▼

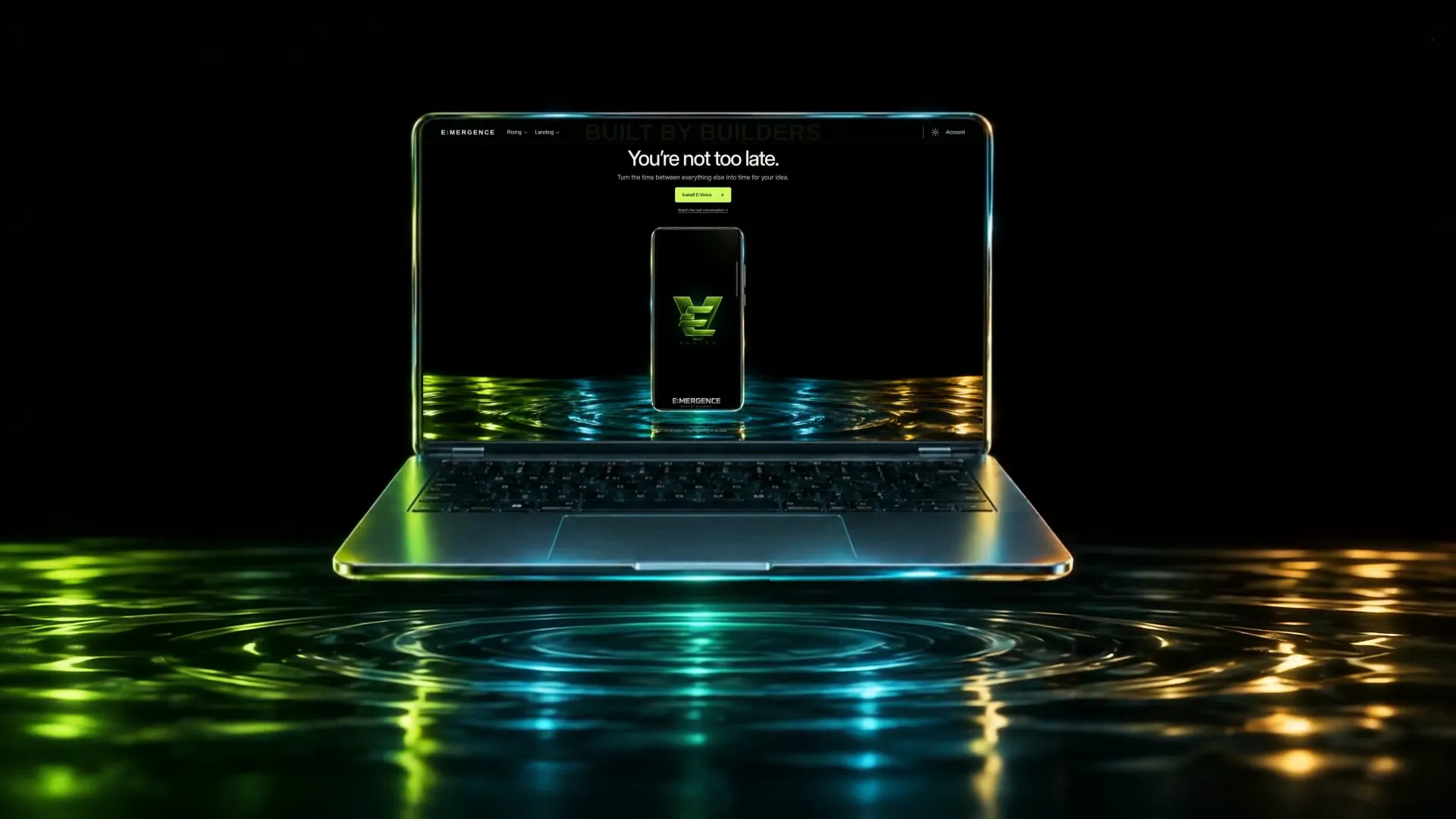 The E:Voice website displayed on the completed floating laptop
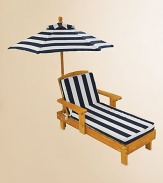 Perfect for lounging and dreaming, this sturdy wooden construction is weather resistant and includes a classic striped umbrella and chaise cushion to keep your little ones covered and comfortable.Chaise is constructed from Sanmu wood and foamMatching canvas umbrella and chaise cushionChaise: 19.5L X 35.9W X 20.1HUmbrella: 30 diameterImported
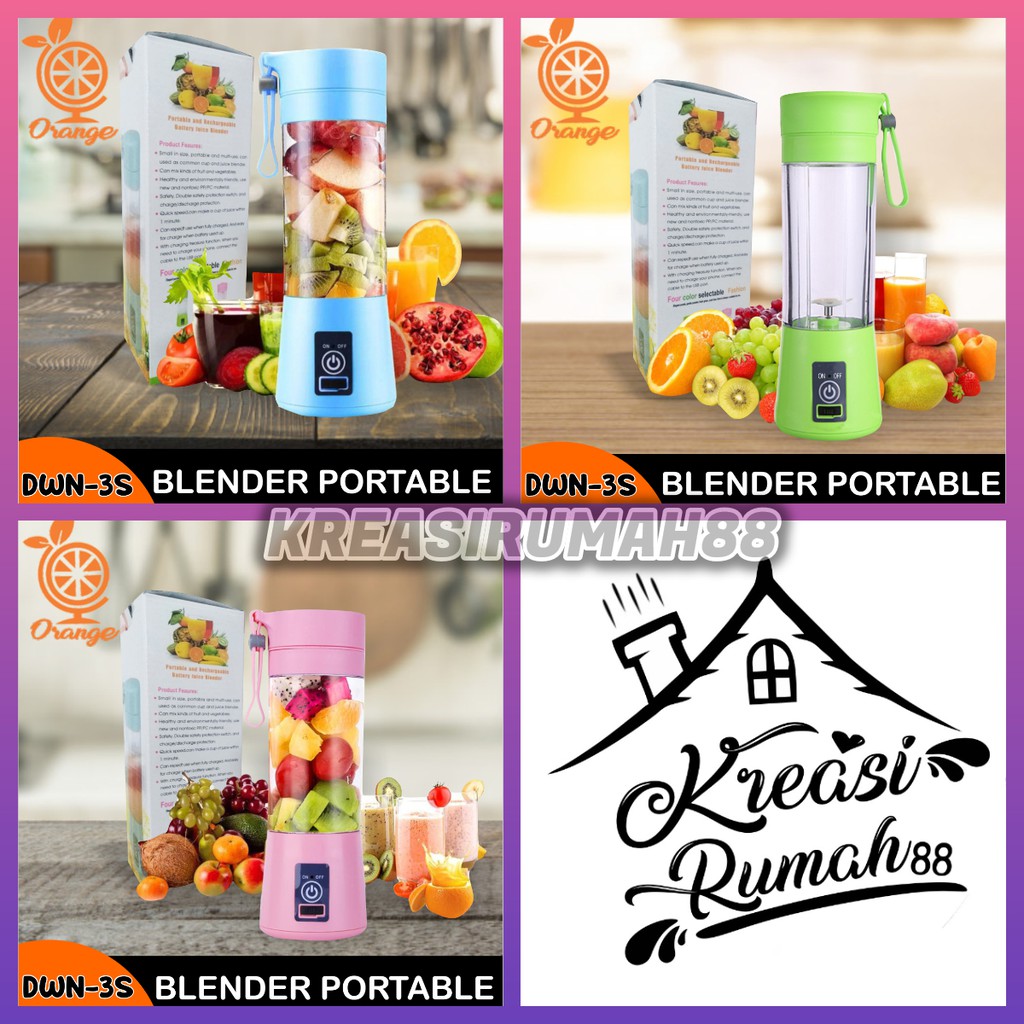 Blender Portable 2 Mata Pisau Emd777 S304 Jus Usb Mixer Alat Smoothie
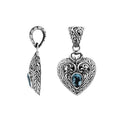 Sterling Silver Blue Topaz Quartz Heart Pendant With Balinese Scrollwork And Polished Finish For Wholesale Buyers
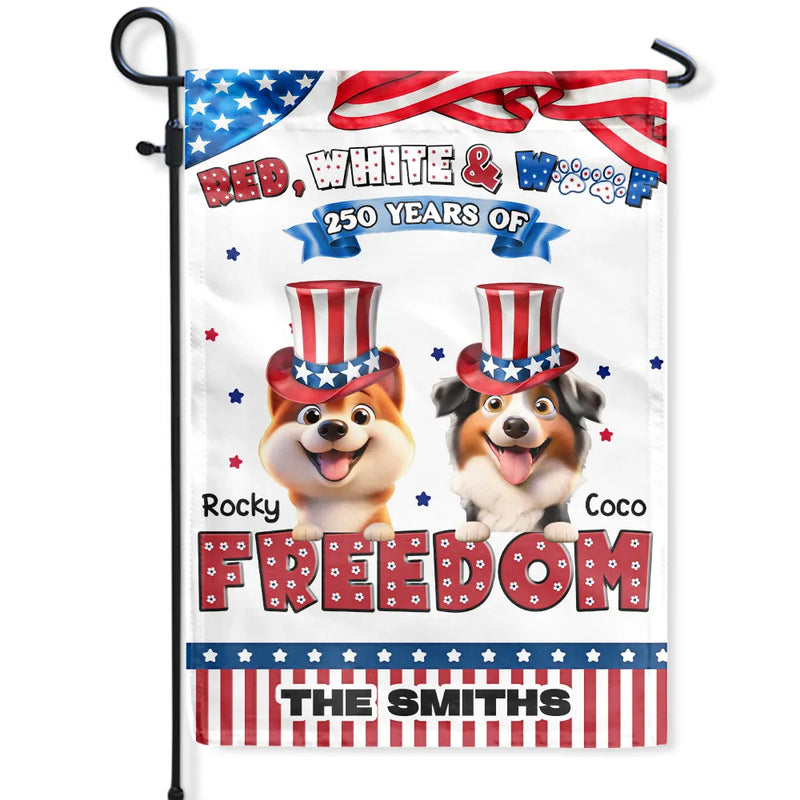 Independence Day,America 250th,Dog Lovers,Dog Mom,Dog Dad,Family,Happy - Stars And Stripes Red White & Woof 250 Years - Personalized Flag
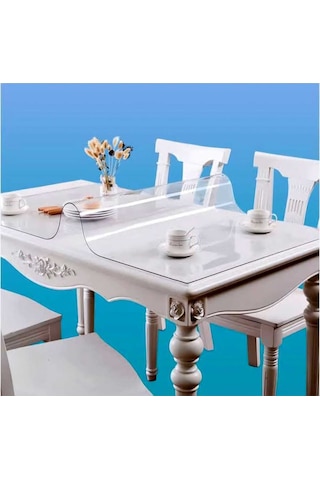 1.2 Mm Kalınlık 120 Cm En Şeffaf Kalın Pvs Masa Koruyucu Mika Masa Örtüsü 120 X 150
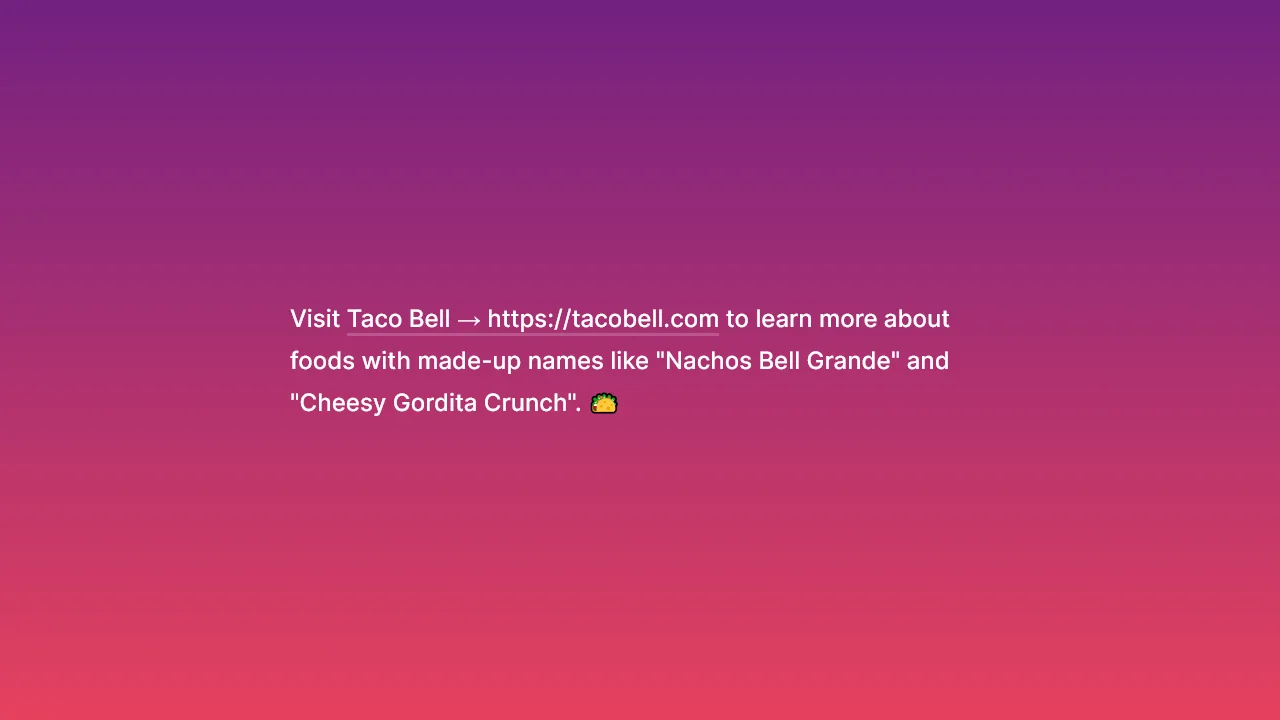 Displaying Link URLs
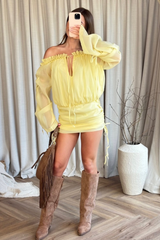 Camila lemon off shoulder sheer mini dress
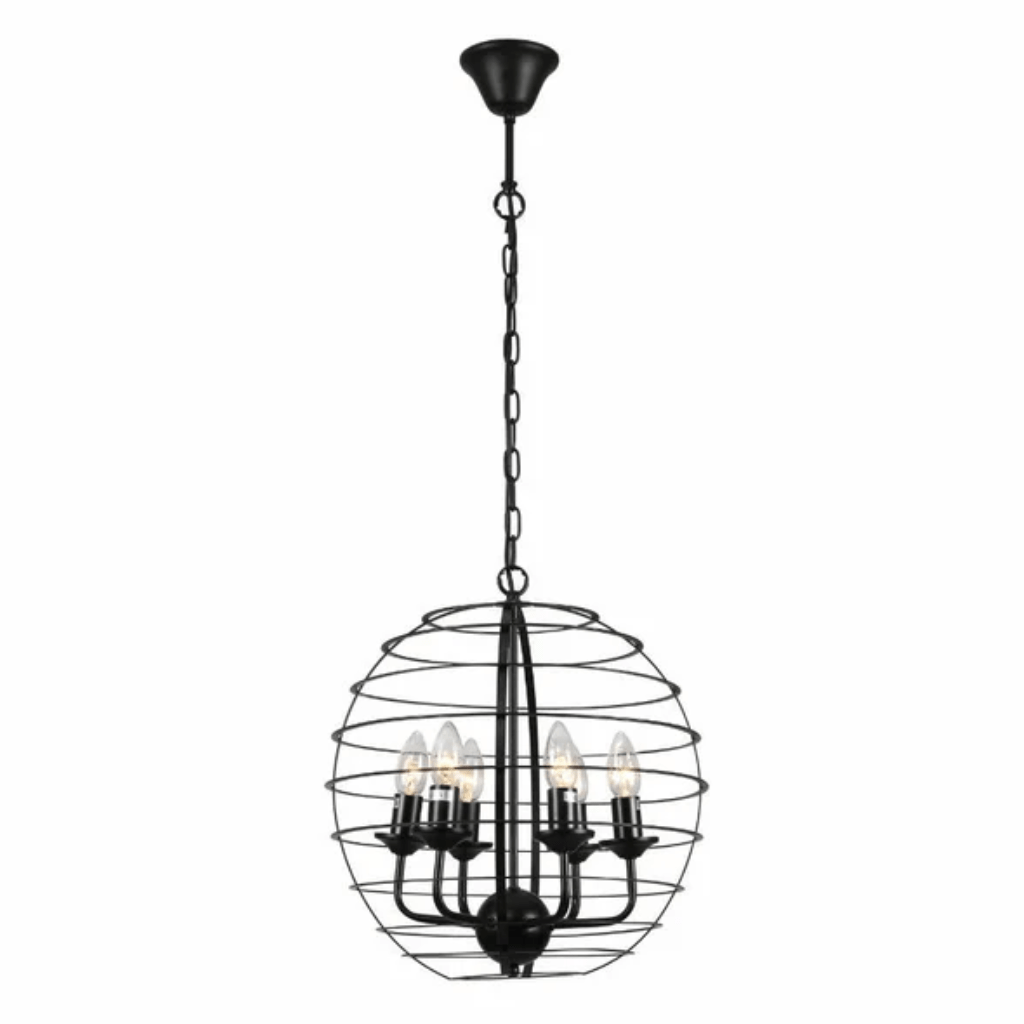 TKLD Pendant & Chandeliers Black Metal Cage Candle Lantern E14 Pendant Ceiling Light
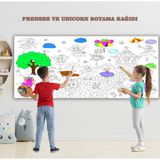 Prenses ve Unıcorn Temalı Dev Boyama Kağıdı 2,5 Metre Rulo Boyama Kağıdı Çocuk Anaokulu ve Kreşler İçin Aktivite Eğitici Boyama - 62x250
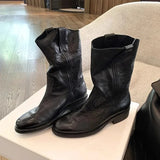 KYLETHOMASW  -  Women's Cowboy Boots Mid Calf Boots Western Short Embroidered Round Toe Low Heel Slip on Comfort Dress Slouchy Booties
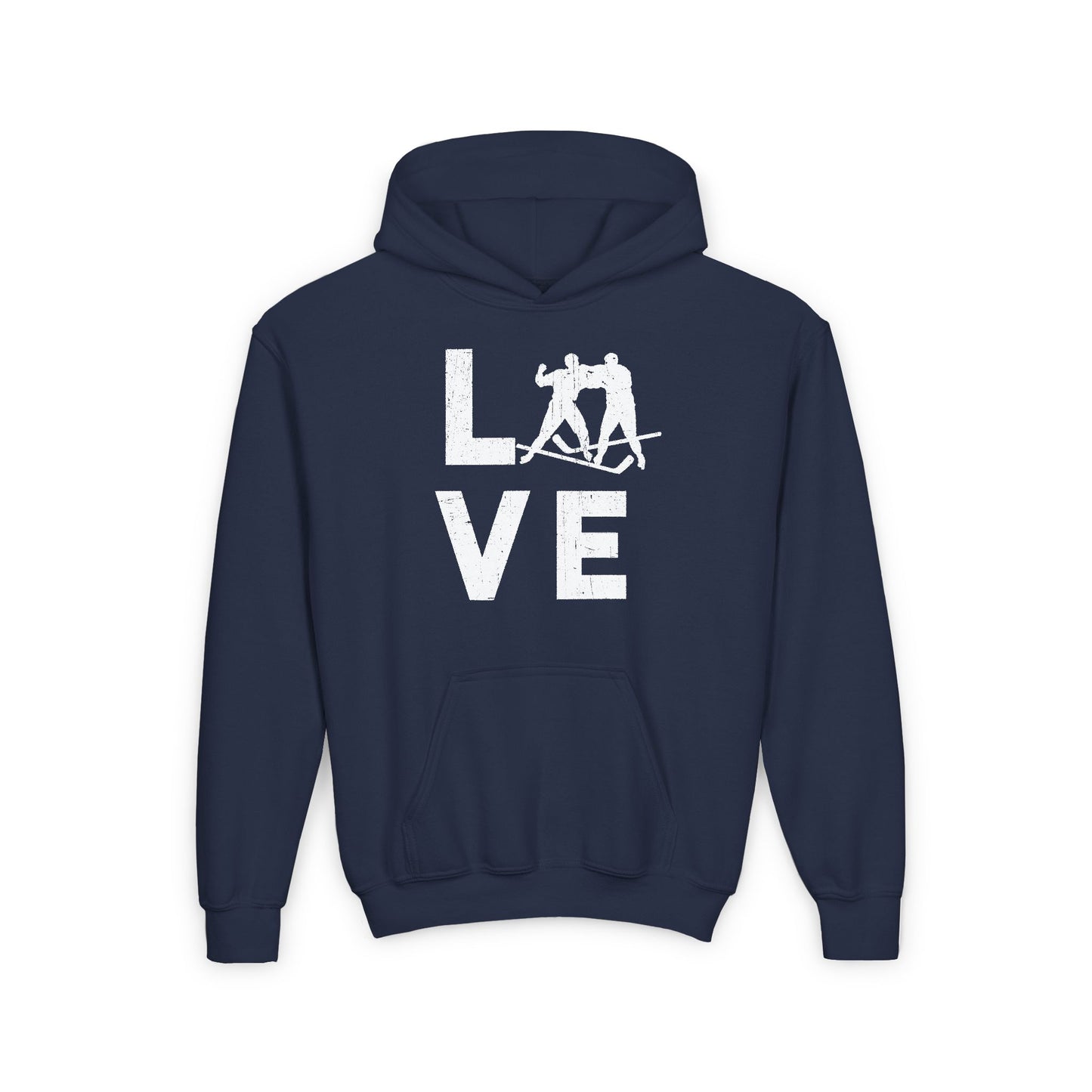 Navy Front - Love Hockey - Kids Hockey Hoodie - Love Hockey Kids Hockey Hoodie - Hockey Gifts - Gift For Hockey Players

▲

** PROBLEM DESCRIPTION **
The line that contains "Dress Slouchy Booties" opens the part to copy, and the last line of the records closes it; set down those lines exactly, pictures excluded.

** FINAL ANSWER **
 KYLETHOMASW  -  Women's Cowboy Boots Mid Calf Boots Western Short Embroidered Round Toe Low Heel Slip on Comfort Dress Slouchy Booties
 Navy Front - Love Hockey - Kids Hockey Hoodie - Love Hockey Kids Hockey Hoodie - Hockey Gifts - Gift For Hockey Players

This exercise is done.